At this stage, we could commit and push this up to github to trigger an automated buid, but before we do that let’s just make sure everything works by building it locally. From terminal on your local machine, 3 navigate up to the parent directory that contains your github repo with cd .., and enter the following command (swapping in your repo name):

docker build docker-tut-example 

This will build the docker image from the dockerfile locally. Building locally can let you test more quickly, and without cluttering up your github repo with tons of commits. 4

Step 6. Push to github for automated build

Once the build succeeds, you can commit and push your repo to github and docker hub will begin automatically building your docker image. You can check on its progress in the “Build Details” tab of your docker hub repo.

building progress

Using the automated build feature of dockerhub might seem like a bit of extra work right now, but it is important for security and trust when you share the images. When you share a docker container that was produced with an automated build, your recipients can check the dockerfile and be sure of its contents.

Step 7. Add version tags

There are lots of different ways you might organize Docker containers to achieve a reproducible workflow. As far as I can see, the simplest would be to maintain a single “personal” image with the libraries you use most. To maintain reproducibility between different projects, you can version this image using tags. Tags let you have multiple version of the same image, as we saw when we used the tidyverse:3.4.3 image in Part 1.

Under this approach, each time you publish a paper or release some work, you would make sure that the docker container was tagged with a version and you would include that with your publication. Something like, “Analyses were conducted using derekpowell/docker-tut-example:0.0.1 docker image.”

To set up your dockerhub repo for tagging, head to the “Build Settings” tab on its page.

build settings

This is the tag configuration area. The first row shows that the “master” branch of the github repo is assigned the “latest” tag. This is a special, default tag. If you run docker build rocker/tidyverse with no specific tag, it will assume that the “latest” version should be used. On the next row, change “Branch” to “Tag” (as shown). Now, when you tag your github repo, that tag will also be reflected on docker. Be sure to click “save changes” when you’re done.

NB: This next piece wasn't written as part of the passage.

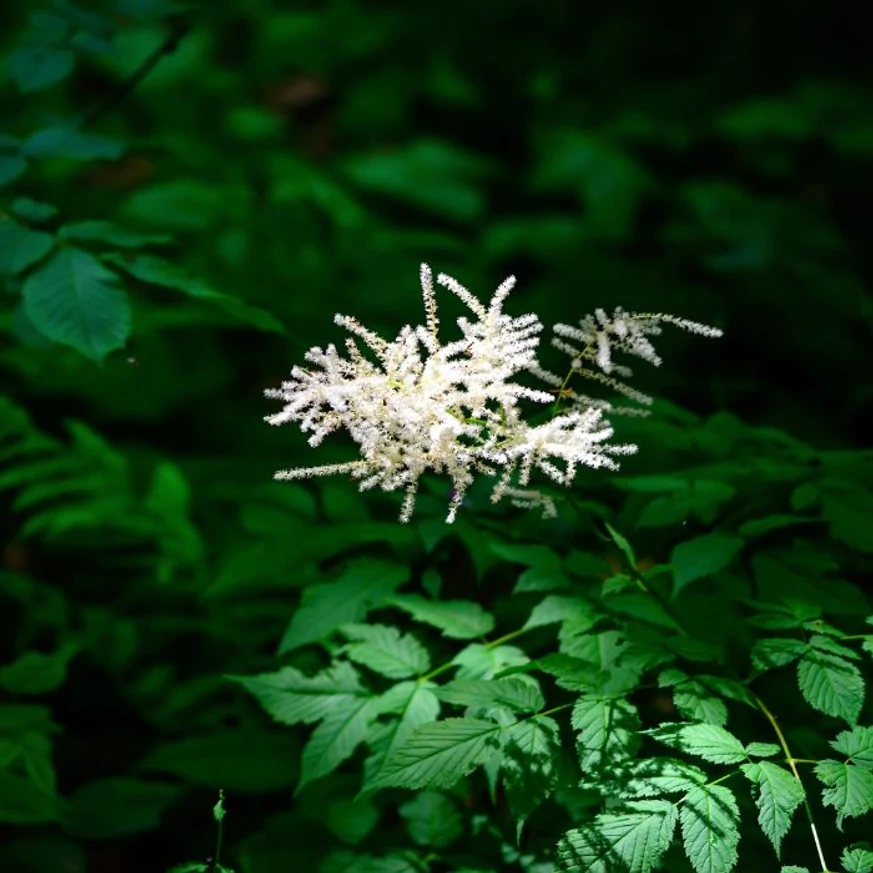 Frunzișul și floarea plantei Aruncus dioicus.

Now, head back to terminal and tag the current version of your repo:

git tag -a 0.0.1 -m "very first version"

This will tag the repo with “0.0.1”. If you don’t like that number scheme, you can use any other you like, or even more descriptive tags, e.g., “dissertation.” Do note, the normal git push command will not push tags. To push all tags, enter:

git push origin --tags

Then head over to dockerhub and check the “Build Details” tab–you should see the version being built. For more on git tags, check out this resource.

Conclusions

In this tutorial we created a simple docker container with a custom R environment. Using the steps covered here, you should be able to make create a docker container with R, Rstudio, and the packages you use most. This will give you a reproducible environment to conduct analyses and a way to share that environment with other researchers.

In Part 3 of this tutorial series, I plan to cover one of the side benefits of using Docker for reproducible research: the ability to run Docker containers remotely on cloud services like AWS and Digital Ocean. I’ll also cover some ways to reduce the (minor) pain points associated with running RStudio from within a container in day-to-day use.

  1. Open terminal, navigate to the directory you’d like it to appear in, and type git clone YOUR_REPO_NAME 2

  2. Add it with ` git add Dockerfile and make a new commit with git commit -m “added dockerfile” . . Finally, push this to github with git push`. 

  3. If your terminal window is still at the prompt in your docker container, you can type exit to exit out (should be familiar if you’ve ever used ssh). 

  4. On a mac, you may need to make sure Docker has been granted sufficient ram. If not, you may get compiler errors. Access the docker app preferences via the menu bar and bump up the ram if this happens.